The saved binary is intended to use with this particular Python library, which is in turn a wrapper around Gensim. We never intended it to work with the Facebook FastText binary.

ValleZ commented 3 years ago

Then the description and project name is misleading. "This Python 3 package allows to compress fastText word embedding models" sounds like it keeps the original format.

ValleZ commented 3 years ago

Is there a way to convert compressed models back to fasttext format or maybe load it somehow to use with fasttext?

avidale commented 3 years ago

Then the description and project name is misleading. "This Python 3 package allows to compress fastText word embedding models" sounds like it keeps the original format.

The title reads "This Python 3 package allows to compress fastText word embedding models (from the gensim package)". How do you propose to reformulate it to show more explicitly that the package works with gensim?

avidale commented 3 years ago

Is there a way to convert compressed models back to fasttext format or maybe load it somehow to use with fasttext?

Not really: 2 out of 3 techniques, matrix decomposition and product quantization, are not supported by the original Facebook implementation, and if you want them to work with the Facebook executable, you'll need to patch and rebuild the executable itself.

With pruning, however, it might be possible to save a model in the format compatible with the Facebook FastText implementation. You'll need to use the save_facebook_model method, and maybe change some of the functions from the _fasttext_bin.py file. @ValleZ, it would be great if you tried it an maybe created a pull request with this enhancement.

ValleZ commented 3 years ago

Then the description and project name is misleading. "This Python 3 package allows to compress fastText word embedding models" sounds like it keeps the original format.

The title reads "This Python 3 package allows to compress fastText word embedding models (from the gensim package)". How do you propose to reformulate it to show more explicitly that the package works with gensim?

"fastText to gensim compressor" maybe?

ValleZ commented 3 years ago

I'll try the save_facebook_model, thanks!

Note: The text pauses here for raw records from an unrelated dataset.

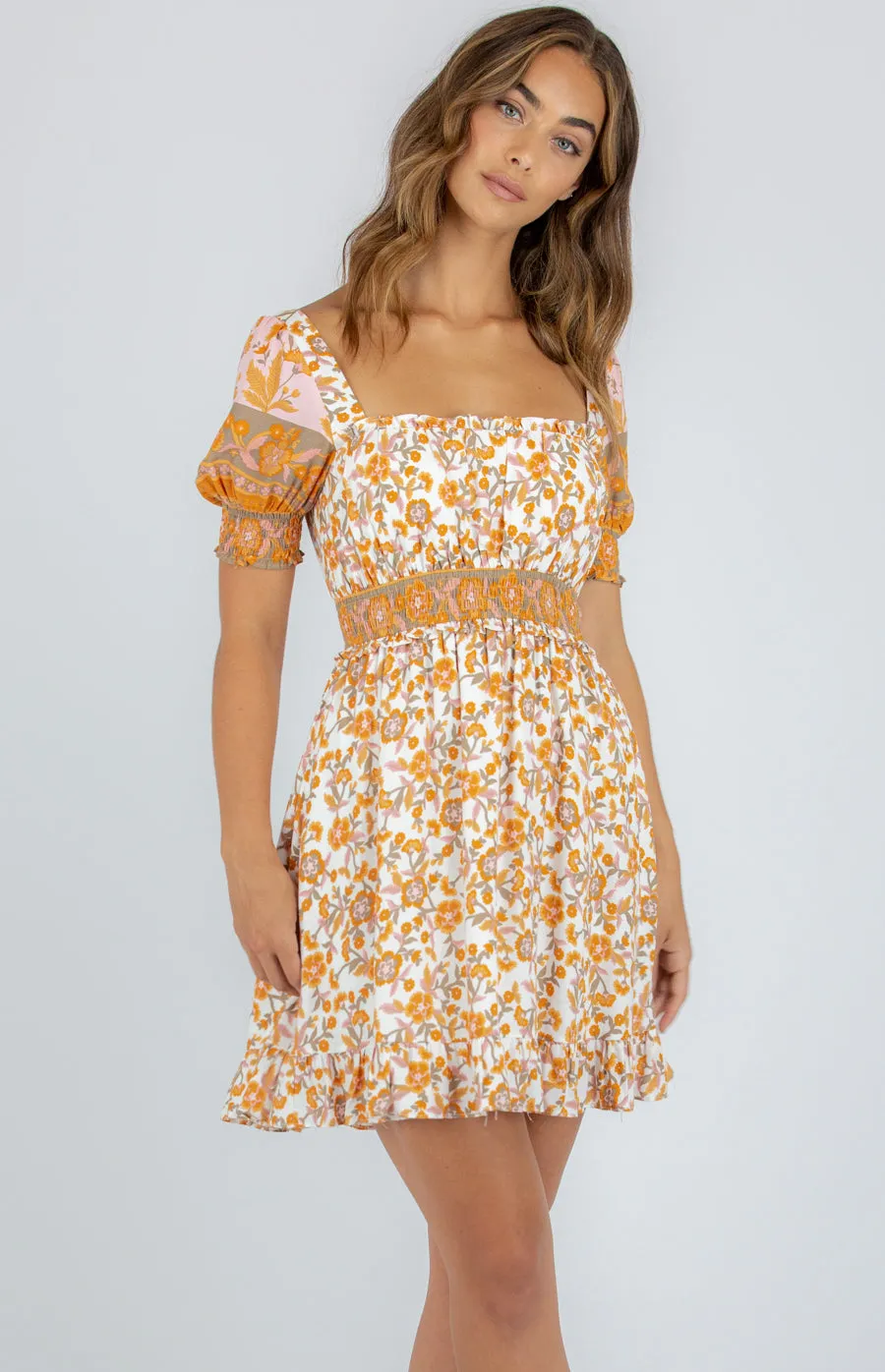 Contrast Panel Cotton Boho Print Dress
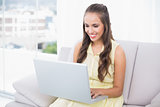 Happy pretty brunette using laptop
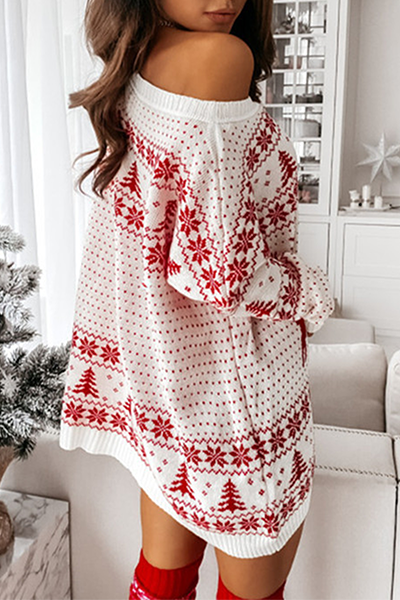 Mune | Casual Wapiti Snowflake Christmas Tree Printed Patchwork Contrast O-Neck Dresses Sweater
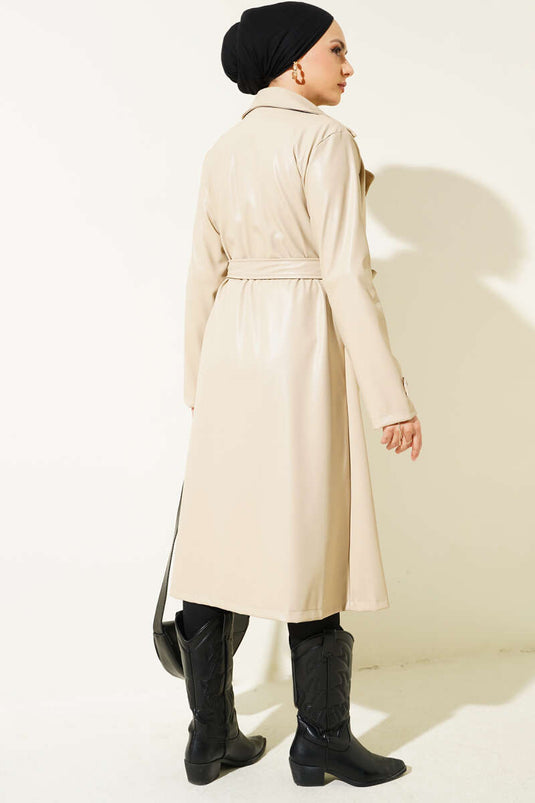 Beige Belted Leather Trench Coat with Hood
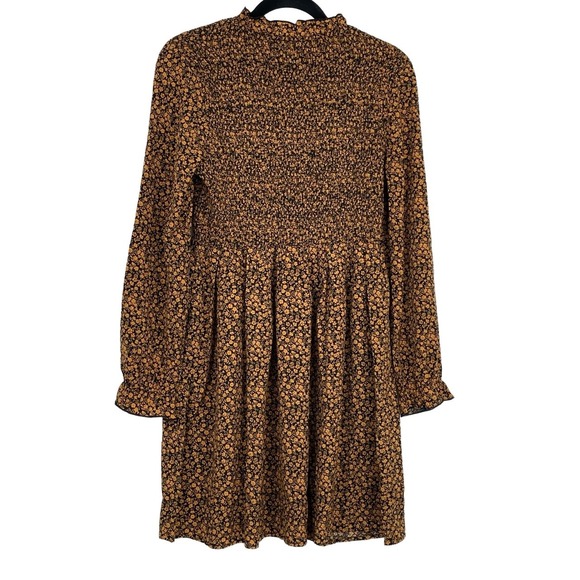 Allegra K Women's Floral Ruffle Neck Long Sleeve A-Line Smocked Dress Size M - Picture 3 of 14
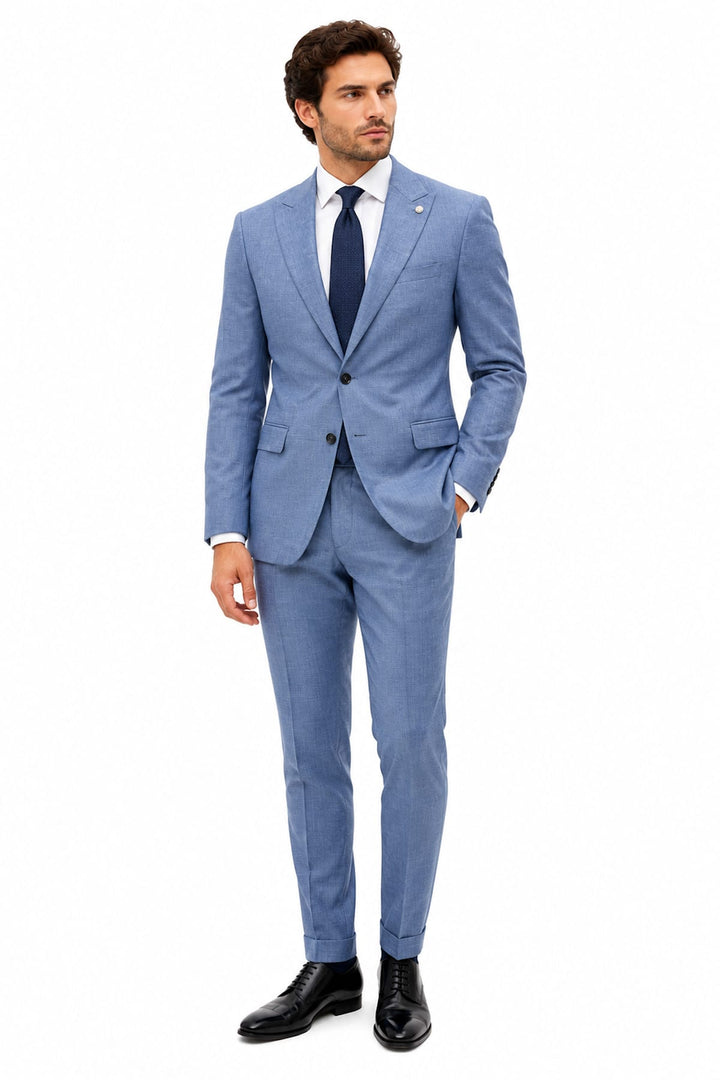 Vue latérale complet texturé Lief Horsens pour homme gris avec détails de couture moderne - Valérie Simon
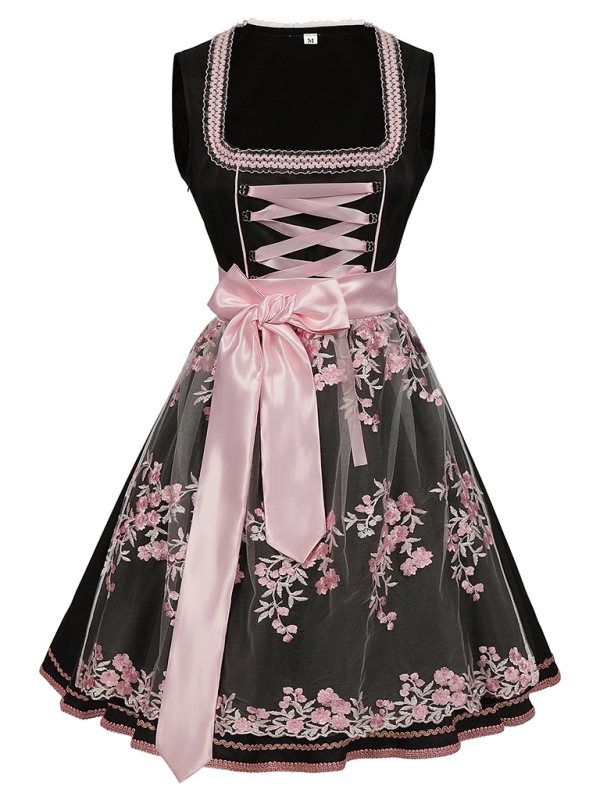 Theresa | Damen Dirndl mit Schnürung und Blumen Schürze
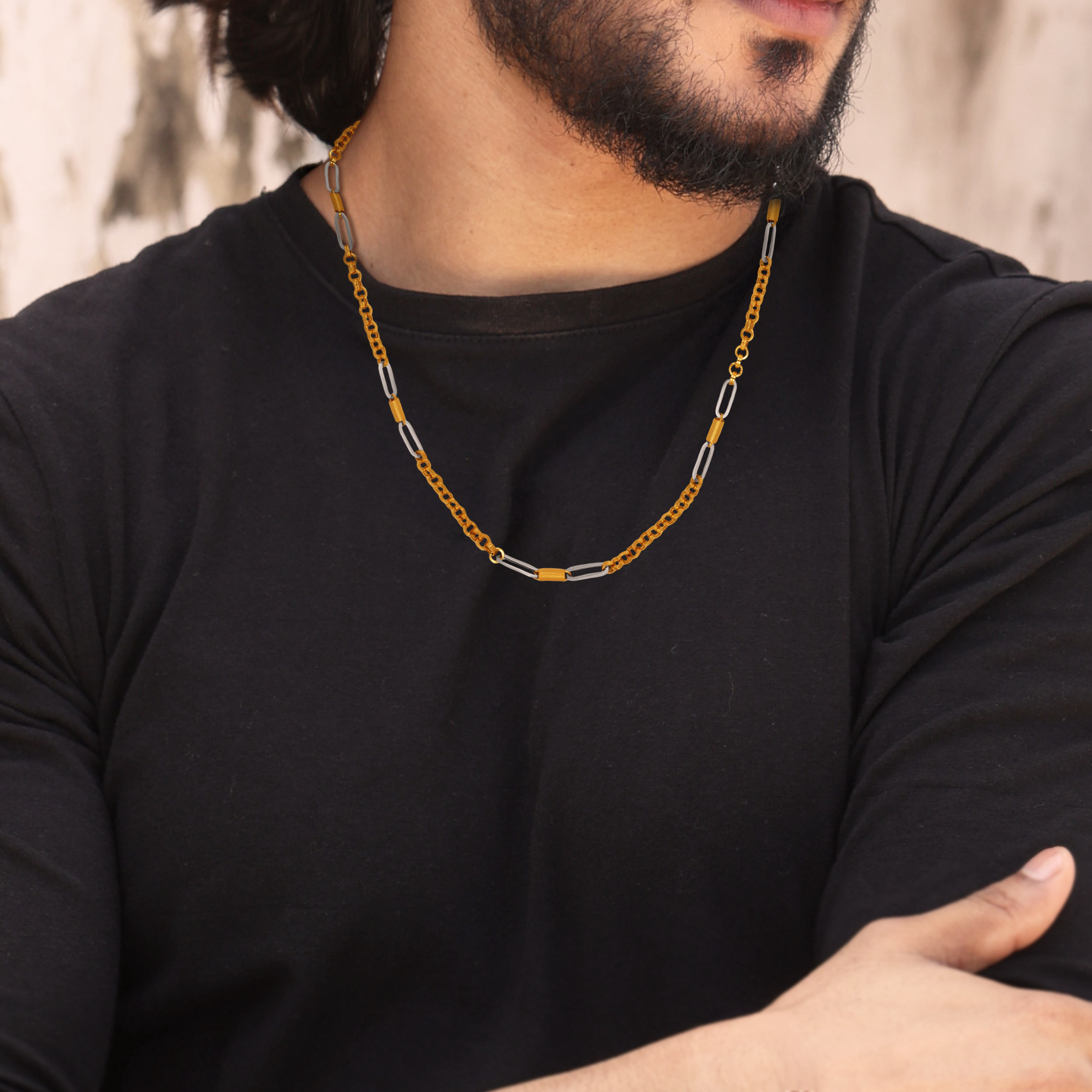 Solaris Dual-Tone Men's Gold Chain - Senco Gold and Diamonds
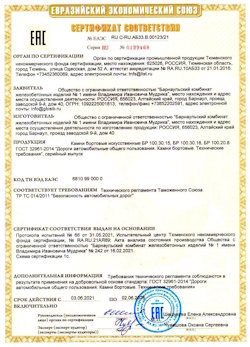 15.04.2022 Волжский - Приложение к сертификату соответствия железобетонных изделий - бортовые искуственные камни БР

ValleZ commented 3 years ago

No luck with save_facebook_model :-(

from gensim.models.fasttext import save_facebook_model save_facebook_model(small_model, "tor2_cmp.bin") Traceback (most recent call last): File "", line 1, in File "/home/valle/.local/lib/python3.8/site-packages/gensim/models/fasttext.py", line 1336, in save_facebook_model gensim.models._fasttext_bin.save(model, path, fb_fasttext_parameters, encoding) File "/home/valle/.local/lib/python3.8/site-packages/gensim/models/_fasttext_bin.py", line 668, in save _save_to_stream(model, fout_stream, fb_fasttext_parameters, encoding) File "/home/valle/.local/lib/python3.8/site-packages/gensim/models/_fasttext_bin.py", line 626, in _save_to_stream _args_save(fout, model, fb_fasttext_parameters) File "/home/valle/.local/lib/python3.8/site-packages/gensim/models/_fasttext_bin.py", line 506, in _args_save field_value = _get_field_from_model(model, field) File "/home/valle/.local/lib/python3.8/site-packages/gensim/models/_fasttext_bin.py", line 475, in _get_field_from_model return model.window AttributeError: 'FastTextKeyedVectors' object has no attribute 'window'